Merci pour avoir pris le temps de me lire, 

Nonolander.

----------

## xaviermiller

Bonjour Nonolander,

Les expériences d'utilisation de Gentoo sont assez variées, comme sur beaucoup d'autres distributions.

Je suis arrivé ici il y a un bon moment après un parcours ayant commencé sur une distribution classique (Red Hat ou SuSE en 1997), puis, devant compiler mon noyau pour le modem ADSL, la carte graphique, la carte son, passer à LFS autour des années 2000. LFS est très didactique, mais quand il faut reconstruire un système, cela me prenait énormément de temps (à l'époque, sur un processeur à 166 MHz, il fallait presque une semaine pour GCC ou glibc). Et mettre à jour n'était pas prévu. J'ai alors découvert Gentoo en 2004, qui proposait un système basé sur sources et automatisé.

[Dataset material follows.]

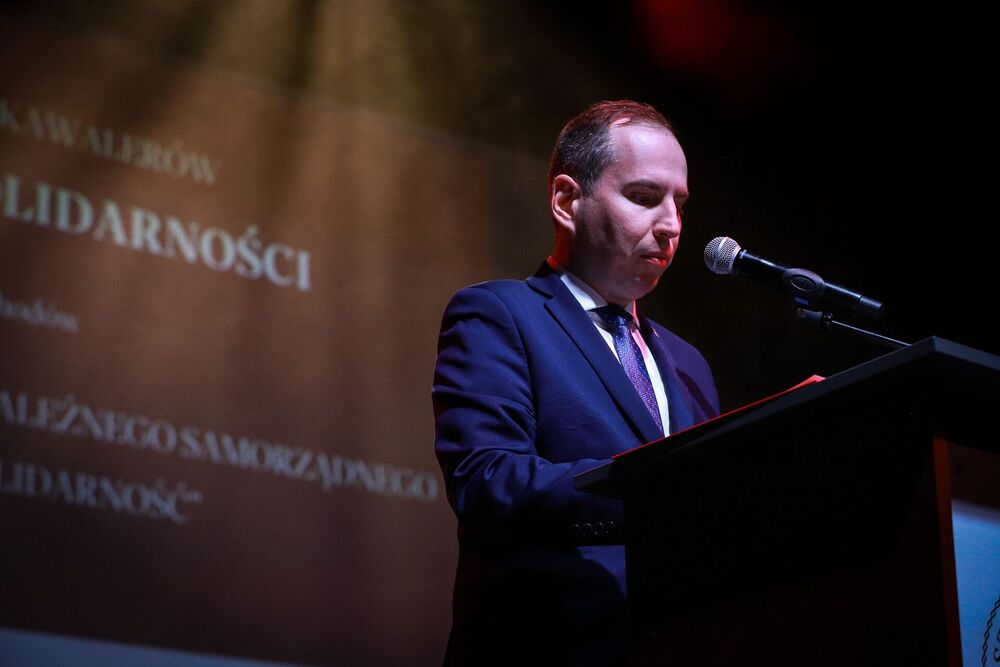 Spotkanie Dam i Kawalerów Krzyża Wolności i Solidarności – Białystok, 23.04.2026. List Prezydenta RP czyta minister Adam Andruszkiewicz. Fot. Paula Prudziłowicz (IPN)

J'ai toujours été en "instable" et à l'époque, ce l'était vraiment (instable). Il arrivait que pendant plusieurs jours ou semaines, je n'obtienne plus d'environnement graphique ou tel service. Mais je n'ai jamais eu vraiment de crash, et j'ai toujours pu retourner à une situation utilisable, grâce au support de la communauté et la documentation (pas toujours Gentoo, merci les moteurs de recherche).

Mais depuis 2010, "instable" est très stable, je n'ai vraiment aucun souci.

Au bout de plus de 12 ans d'utilisation, ce que j'apprécie surtout est le choix : par le jeu des USE, profils et virtuals, l'utilisateur final peut affiner son système en choisissant très souvent parmi plusieurs alternatives (systemd ou pas, environnement graphique, serveur sql, implémentation SSL ou codecs vidéo...).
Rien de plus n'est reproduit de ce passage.